Kairo. . In Ägypten gärt es weiter: Mit einem umstrittenen Spruch lösen Verfassungsrichter das Parlament auf. Das Urteil der Richter macht den wichtigsten Baustein des demokratischen Neubeginns zunichte. Wieder gehen in Kairo Demonstranten auf die Straße.
„Es kann keinen Weg zurück geben beim Übergang zur Demokratie“, sagte US-Außenministerin Hillary Clinton. „Wir erwarten eine Übertragung der Macht an eine demokratisch geführte Regierung.“ Das klingt wohlgeordnet, hat aber mit der Realität in Ägypten nichts mehr zu tun.
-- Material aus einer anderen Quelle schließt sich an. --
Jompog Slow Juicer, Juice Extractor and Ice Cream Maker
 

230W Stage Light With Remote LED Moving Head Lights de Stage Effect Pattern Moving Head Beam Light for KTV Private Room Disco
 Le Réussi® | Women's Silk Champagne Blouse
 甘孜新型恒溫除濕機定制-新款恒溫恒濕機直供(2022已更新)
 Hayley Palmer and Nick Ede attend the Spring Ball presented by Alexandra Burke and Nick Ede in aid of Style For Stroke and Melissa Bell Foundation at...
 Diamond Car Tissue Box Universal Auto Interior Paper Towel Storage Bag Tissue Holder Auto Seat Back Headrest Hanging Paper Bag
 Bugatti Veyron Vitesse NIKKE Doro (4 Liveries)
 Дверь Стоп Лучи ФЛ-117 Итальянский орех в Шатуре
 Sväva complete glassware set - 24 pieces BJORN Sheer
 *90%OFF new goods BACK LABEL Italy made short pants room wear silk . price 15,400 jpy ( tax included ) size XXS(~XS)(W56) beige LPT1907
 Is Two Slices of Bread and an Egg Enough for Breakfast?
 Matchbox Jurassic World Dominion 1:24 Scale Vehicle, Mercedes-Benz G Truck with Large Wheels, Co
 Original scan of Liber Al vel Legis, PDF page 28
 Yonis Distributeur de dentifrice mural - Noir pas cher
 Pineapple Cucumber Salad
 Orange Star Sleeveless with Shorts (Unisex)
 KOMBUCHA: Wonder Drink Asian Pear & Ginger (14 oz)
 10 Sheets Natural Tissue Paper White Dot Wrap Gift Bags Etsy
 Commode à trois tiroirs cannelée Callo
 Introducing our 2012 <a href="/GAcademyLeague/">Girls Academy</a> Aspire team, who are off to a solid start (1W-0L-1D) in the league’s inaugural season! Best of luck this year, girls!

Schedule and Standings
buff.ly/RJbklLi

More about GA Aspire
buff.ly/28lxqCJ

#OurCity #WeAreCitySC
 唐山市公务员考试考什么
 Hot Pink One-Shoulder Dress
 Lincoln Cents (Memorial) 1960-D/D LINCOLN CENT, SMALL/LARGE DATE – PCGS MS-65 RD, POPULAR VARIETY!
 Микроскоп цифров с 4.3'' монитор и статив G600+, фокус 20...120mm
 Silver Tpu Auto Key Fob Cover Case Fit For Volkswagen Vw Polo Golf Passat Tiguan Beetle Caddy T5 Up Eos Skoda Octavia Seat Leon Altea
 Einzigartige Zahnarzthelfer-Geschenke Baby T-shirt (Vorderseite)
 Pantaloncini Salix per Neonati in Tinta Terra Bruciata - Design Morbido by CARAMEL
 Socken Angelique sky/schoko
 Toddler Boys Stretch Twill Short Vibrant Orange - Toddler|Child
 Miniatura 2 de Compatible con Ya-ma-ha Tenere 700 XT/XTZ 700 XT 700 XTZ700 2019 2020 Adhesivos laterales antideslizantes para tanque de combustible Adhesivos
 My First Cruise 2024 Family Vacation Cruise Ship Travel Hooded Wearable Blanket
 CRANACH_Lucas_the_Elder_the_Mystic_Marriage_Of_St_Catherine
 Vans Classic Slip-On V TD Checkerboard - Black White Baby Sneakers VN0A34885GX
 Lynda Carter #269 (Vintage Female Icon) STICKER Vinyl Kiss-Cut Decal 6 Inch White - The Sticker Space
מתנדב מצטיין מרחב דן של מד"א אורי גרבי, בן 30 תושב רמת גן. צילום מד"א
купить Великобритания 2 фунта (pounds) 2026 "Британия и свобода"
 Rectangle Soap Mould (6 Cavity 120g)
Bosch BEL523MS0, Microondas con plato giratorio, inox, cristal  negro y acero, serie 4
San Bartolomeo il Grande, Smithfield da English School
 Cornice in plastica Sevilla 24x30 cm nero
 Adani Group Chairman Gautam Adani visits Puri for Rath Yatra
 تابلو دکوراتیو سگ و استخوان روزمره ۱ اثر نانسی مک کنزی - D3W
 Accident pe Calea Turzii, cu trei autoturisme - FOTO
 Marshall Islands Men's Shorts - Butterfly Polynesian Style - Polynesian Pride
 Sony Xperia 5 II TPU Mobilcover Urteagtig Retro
Seit dem Verfassungsgerichts-Urteil am Donnerstag und vor der Präsidentschaftswahl am Wochenende dominiert Chaos. Die Entscheidung der Richter, das Wahlgesetz für verfassungswidrig zu erklären und das Parlament aufzulösen, macht den bisher wichtigsten Baustein eines demokratischen Neubeginns zunichte.
Erst im Januar hatte der Oberste Militärrat, der seit dem Sturz Mubaraks die Macht ausübt, die Gesetzgebungskompetenz an das neu gewählte Plenum abgetreten, in dem Muslimbrüder und Salafisten eine 70 Prozent-Mehrheit besitzen. Nun fällt die Legislative zurück an die Generäle.
Wie geht es weiter in Ägypten?
Mit der Auflösung des Parlaments ist auch die Verfassungsgebende Versammlung annulliert. Ihre Zusammensetzung muss durch das Parlament bestimmt werden, dessen Beschlüsse alle für nichtig erklärt sind. Es bleibt aber die Möglichkeit, dass der Oberste Militärrat die Zusammensetzung nun per Dekret festlegt. Dann würde in der zweiten Jahreshälfte zunächst die neue Verfassung ausgearbeitet und danach das neue Parlament gewählt.
Zweifel an der Verfassungsmäßigkeit des bisherigen Wahlgesetzes bestanden von Anfang an. Nach Auffassung der Richter benachteiligt das Recht individuelle Kandidaten, die sich nicht auf eine Parteiliste stützen können. Mit einem neuen Wahlrecht bekämen säkulare und liberale Kandidaten sowie Bewerber aus den Reihen des alten Regimes viel stärker die Möglichkeit, über Einzelmandate ins neue Plenum einzuziehen. Das nächste Parlament würde dann weniger von den islamistischen Parteiblöcken dominiert sein.